Datai Hotel

Datai Hotel in Pulau Langkawi, Malaysia by Kerry Hill Architects, 1993

Recipient of an Aga Khan Award for Architecture in 2001, the Datai Hotel by Australia's Kerry Hill Architects was completed in 1993 in Pulau Langkawi, Malaysia. The design was recognized for its sensitive approach to its surrounding, in particular the coast, the topography and the indigenous vegetation of the site. Although a tourist development the five-star hotel does not dominate the landscape or occupy valuable beachfront property, instead it finds a balance with its surroundings away from the coast.

Situated on a ridge high above the waterfront the site includes untouched rainforest, swamps, streams and wildlife, with spectacular views of the ocean from the hotel. Although the program contains 84 hotel rooms, 40 villas, a swimming pool and spa, restaurants, and a beach house, the first is split among four "blocks" and the latter uses are spread around the site in pavilions. This maneuver, coupled with vernacular construction, including raising the buildings on stilts and deep overhangs, gives the complex a remarkable site sensitivity.

The architect reduced the need for clearing trees in the hotel and pavilion locations, while also using trained elephants instead of bulldozers to fell trees where necessary, since the animals cause less damage than manmade machines. Additionally, building materials add to the site sensitivity, with exposed wood allowed to age naturally with vegetation creeping up the bases of the structures.

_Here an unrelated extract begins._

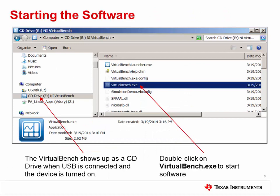The Virtual Bench software is pre-installed on the device. Once power is applied and USB is connected, you can see the Virtual Bench as a CD drive. Click the drive, then double-click VirtualBench.exe to start the software.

Each of the architect's approaches to the site - location, construction and materials - gives the hotel an attachment to its surroundings that is enhanced by the exterior walkways and program spaces. In the words of the Aga Kahn Development Network, "The popularity of the hotel with its clients is a testament to the responsible and sensitive approach adopted by the architect, who has provided a sense of luxury and sophistication while respecting a remote natural environment."